A new study on the first black hole ever detected has proved our understanding of it to be wrong after half a decade. The new information reveals that the scientists may have been off with their estimates by as much as 50 percent
A new research published in the journal Science uses radio astrometry to refine the distance to the black hole Cygnus X-1, the first black hole to be discovered in 1964. With the refined measurements, the scientists now propose a whole new black hole mass for Cygnus X-1 – 21.2 ± 2.2 solar masses.
This makes the black hole around 50 percent more massive than what the researchers and scientists previously believed it to be. For a reference, that is is 21 times our sun’s mass.
Cygnus X-1 was discovered through a pair of Geiger counters sent to space on a sub-orbital rocket. It is one of the closest black holes to Earth. There is, however, another reason for its fame on Earth.
There was a famous scientific wager in 1974 between physicists Stephen Hawking and Kip Thorne. In it, Hawking bet that it was not a black hole. Hawking conceded the bet in 1990 after observational data backed its existence.
Even though the existence was confirmed, scientists have been way off on its estimates for long, as the new study suggests. The credit for correcting this wrong goes to an international team of astronomers that used the Very Long Baseline Array.
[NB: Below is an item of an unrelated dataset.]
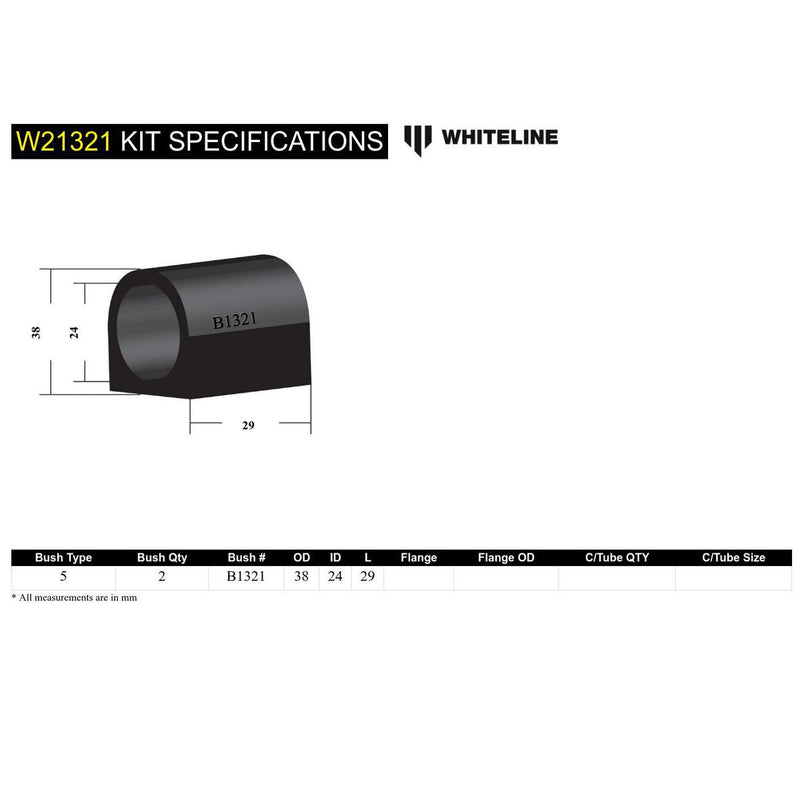 Whiteline W21321 Sway Bar Mount Bushing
VLBA is a continent-sized radio telescope made up of 10 dishes spread across the United States, and helps measure distances in space.
Astronomers observed the Cygnus X-1 system from different angles using the orbit of the Earth around the Sun (Image: ICRAR)
“If we can view the same object from different locations, we can calculate its distance away from us by measuring how far the object appears to move relative to the background,” said lead researcher, Professor James Miller-Jones from Curtin University and the International Centre for Radio Astronomy Research (ICRAR).
“If you hold your finger out in front of your eyes and view it with one eye at a time, you’ll notice your finger appears to jump from one spot to another. It’s exactly the same principle.”
“This method and our new measurements show the system is further away than previously thought, with a black hole that’s significantly more massive,” he concludes.